**Goal of the exercise:** Please repeat each line from the one holding "Eli & Edythe" through the final line of the data, exactly as it stands, with no pictures.

═════ Raw data

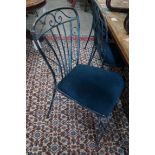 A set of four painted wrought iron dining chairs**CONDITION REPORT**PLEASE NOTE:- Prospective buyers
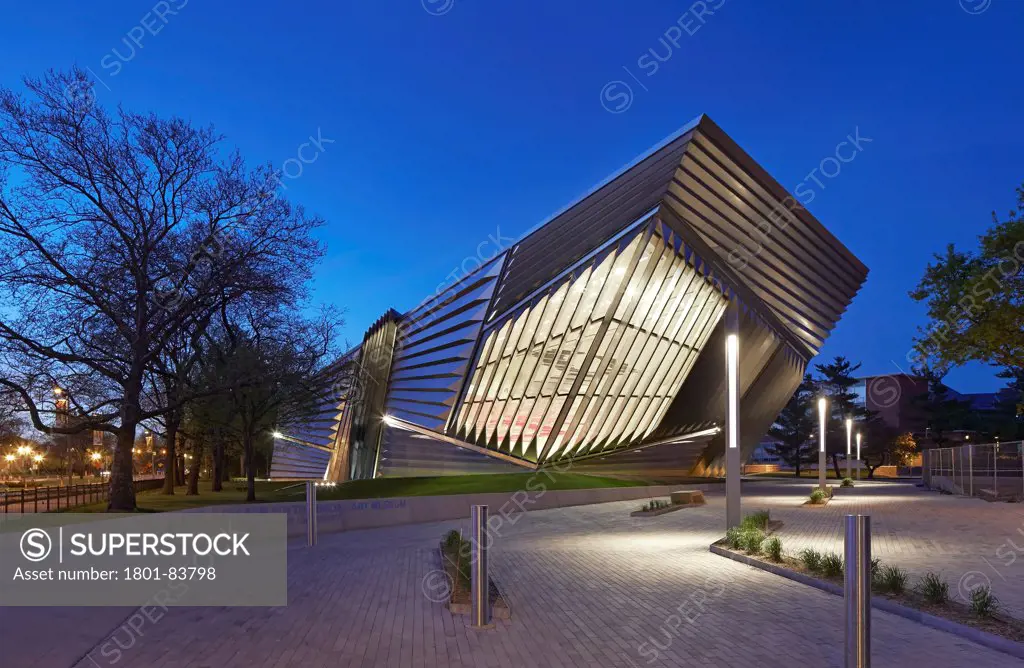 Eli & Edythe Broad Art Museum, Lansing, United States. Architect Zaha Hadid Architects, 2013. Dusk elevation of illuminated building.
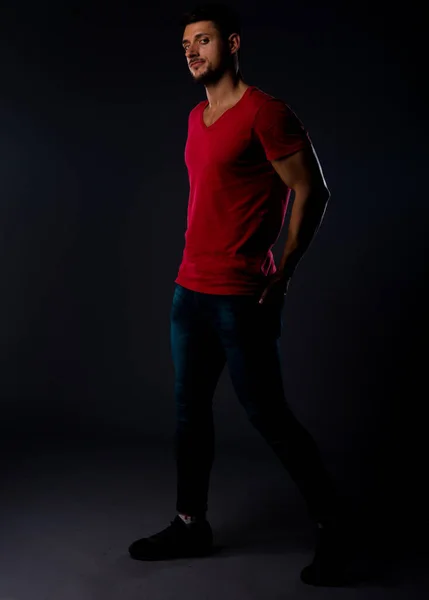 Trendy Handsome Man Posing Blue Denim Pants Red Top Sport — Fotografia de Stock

══════════

**Answer section:**
 Eli & Edythe Broad Art Museum, Lansing, United States. Architect Zaha Hadid Architects, 2013. Dusk elevation of illuminated building.
 Trendy Handsome Man Posing Blue Denim Pants Red Top Sport — Fotografia de Stock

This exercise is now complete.